● About this task:
From the data that follows, print exactly the lines starting at the one containing "Nasza Chodzież: dziennik" and ending at the one containing "independence-day-go-free-ship-so-long-london-had-a-good-run-svg"; include both of them and nothing more.

● Exercise data:
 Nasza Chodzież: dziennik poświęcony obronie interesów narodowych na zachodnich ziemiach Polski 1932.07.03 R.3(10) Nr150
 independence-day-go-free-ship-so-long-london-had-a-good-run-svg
---
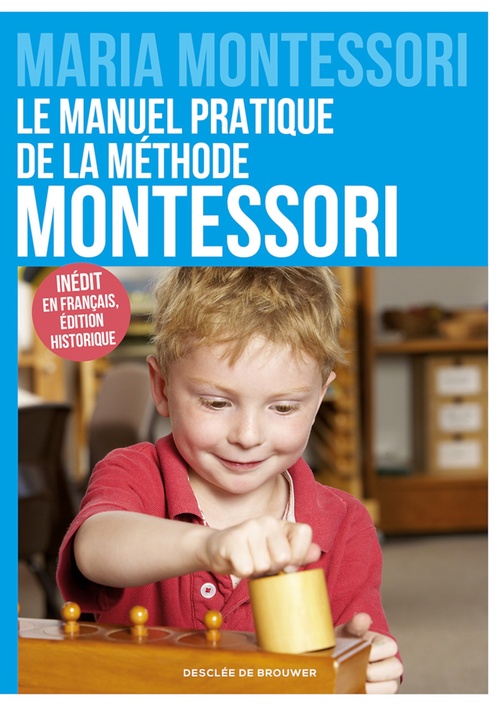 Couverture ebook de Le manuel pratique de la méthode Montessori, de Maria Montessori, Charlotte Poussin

● Written answer:
 Nasza Chodzież: dziennik poświęcony obronie interesów narodowych na zachodnich ziemiach Polski 1932.07.03 R.3(10) Nr150
 independence-day-go-free-ship-so-long-london-had-a-good-run-svg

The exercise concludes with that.